Hanan Ashrawi, a top Palestinian official, said Gingrich’s “very racist comments” showed he was “incapable of holding public office.”
Saeb Erekat, another senior official, described his comments in the interview as “despicable.”
“This is the lowest point of thinking anyone can reach,” Erekat, a close adviser to PA President Mahmoud Abbas, told Reuters. Such comments served only to “increase the cycle of violence,” he added.
“What is the cause of violence, war in this region? Denial, denying people their religion, their existence, and now he is denying our existence,” Erekat said.
There are around 11 million Palestinians around the world, Palestinian officials say. They include refugees and their descendants who left their homes during the 1948 war that led to the creation of Israel. More than 4 million of them live in the West Bank and the Gaza Strip.

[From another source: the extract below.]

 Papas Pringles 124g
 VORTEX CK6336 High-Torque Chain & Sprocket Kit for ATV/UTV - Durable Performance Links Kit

Ashrawi, a member of the PLO’s Executive Committee, said Gingrich’s remarks hark back to days when the Palestinians’ existence as a people was denied by Israelis such as Golda Meir, prime minister from 1969 to 1974.
“It is certainly regressive,” Ashrawi said. “This is certainly an invitation to further conflict rather than any contribution to peace.
“This proves that in the hysterical atmosphere of American elections, people lose all touch with reality and make not just irresponsible and dangerous statements, but also very racist comments that betray not just their own ignorance but an unforgivable bias,” she said.
Fawzi Barhoum, a Hamas spokesman in Gaza, said Gingrich’s remarks “were grave comments that represented an incitement for ethnic cleansing against the Palestinians.”